Seit meiner Freilassung kümmere ich mich in erster Linie um meine Familie. Ich kämpfe aber weiter, um die Landstreitigkeiten in Boeung Kak zu beenden. Derzeit setze ich mich vor allem für zwei Familien ein;  ich habe für sie bei der Regierung die Ausstellung von Eigentumsnachweisen beantragt. Diese Familien haben es in Boeung Kak schon lange nicht mehr leicht – seit zehn Jahren sind ihre Zukunftsperspektiven von großer Unsicherheit geprägt.

Ich selbst fühle mich nicht sicher und sorge mich sehr um die Sicherheit meiner Familie. Ich habe das Gefühl in Gefahr zu sein, obwohl ich frei bin. Regierungsspitzel verfolgen mich und manchmal fahren gewalttätige Sicherheitsbeamte aus dem Daun-Penh-Bezirk mit Motorrädern nachts vor meinem Haus auf und ab, um mich zu fotografieren.

Ich möchte, dass die Welt weiß, was hier vorgeht. Die Kampagne zu meiner Freilassung und zur Freilassung anderer Aktivist*innen war enorm wichtig: Nicht nur, weil sie uns den Rücken gestärkt hat, sondern weil sie Aufmerksamkeit auf die Ungerechtigkeiten lenkt, gegen die wir hier kämpfen. Den kambodschanischen Behörden wäre es lieber, wenn diese Vorgänge im Dunklen bleiben würden.

Ich will, dass die Vertreibungen aufhören und möchte hier frei leben und mich sicher fühlen. Ich möchte, dass sich die Regierung so um die Aufrechterhaltung der Menschenrechte sorgt, wie um das Geld, das sie durch solche Bauprojekte verdient.

Ich bin sehr stolz darauf, was ich für die Boeung-Kak-Gemeinschaft erreicht habe. Vorher war ich nur eine wenig gebildete, gewöhnliche Hausfrau und hatte wenig Ahnung von sozialen Themen und der Welt. Wir haben für fast alle Betroffenen eine Lösung gefunden. Darauf bin ich stolz; auch wenn es bedeutete, dass ich dafür eine Haftstrafe absitzen musste.

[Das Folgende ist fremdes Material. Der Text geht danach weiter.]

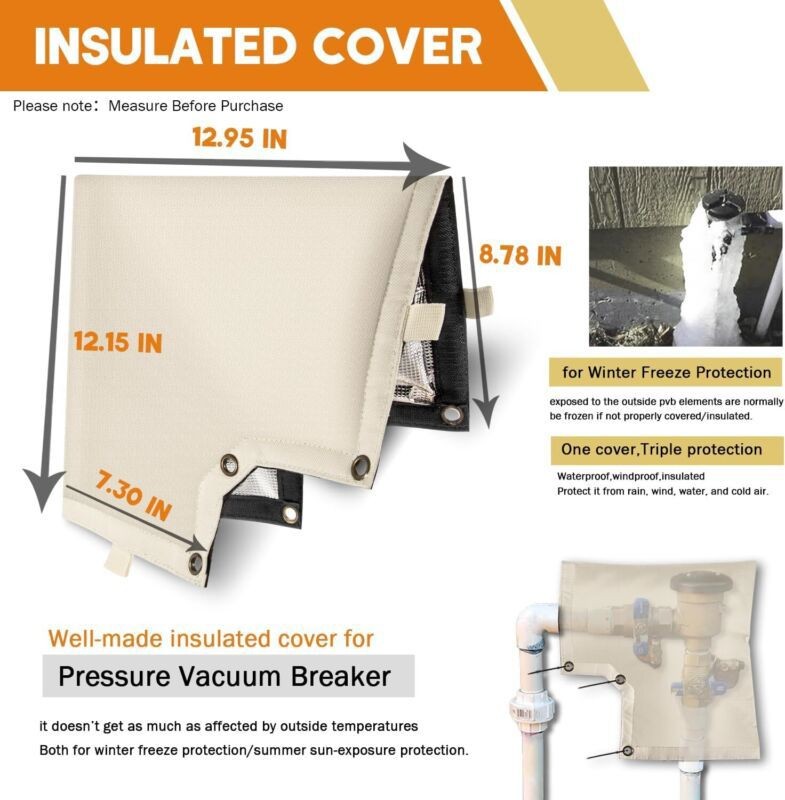 Backflow Preventer Pipe Insulated Cover for Outdoor Winter Freeze Protection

Wenn wir Probleme haben und die Hoffnung schwindet, schwächt uns das und wir verlieren daher möglicherweise unser Ziel aus den Augen. Ich möchte, dass die Menschen hoffnungsvoll bleiben. Wir sind unschuldige Menschen, keine Verbrecher*innen. Daher werden wir erfolgreich sein; wenn wir darauf vorbereitet sind, für unser Ziel mit vollem Einsatz zu kämpfen.

Ich hätte nie gedacht, dass ich einmal hier, in meinem Zuhause, vor meiner Familie und Gemeinschaft mit Amnesty International sprechen würde. Einfach mein Haus betreten und verlassen zu können und mich draußen frei zu bewegen ist für mich noch ganz neu.

Ich möchte mich bei all jenen bedanken, die sich für meine Freilassung eingesetzt haben und die es mir so ermöglicht haben, wieder zu meinen Kindern und Eltern zurückzukehren. Ihr habt mich getröstet und ich fühlte mich daher weniger allein. Ich danke euch für euren unermüdlichen Einsatz, damit die Menschenrechte überall auf der Welt respektiert werden.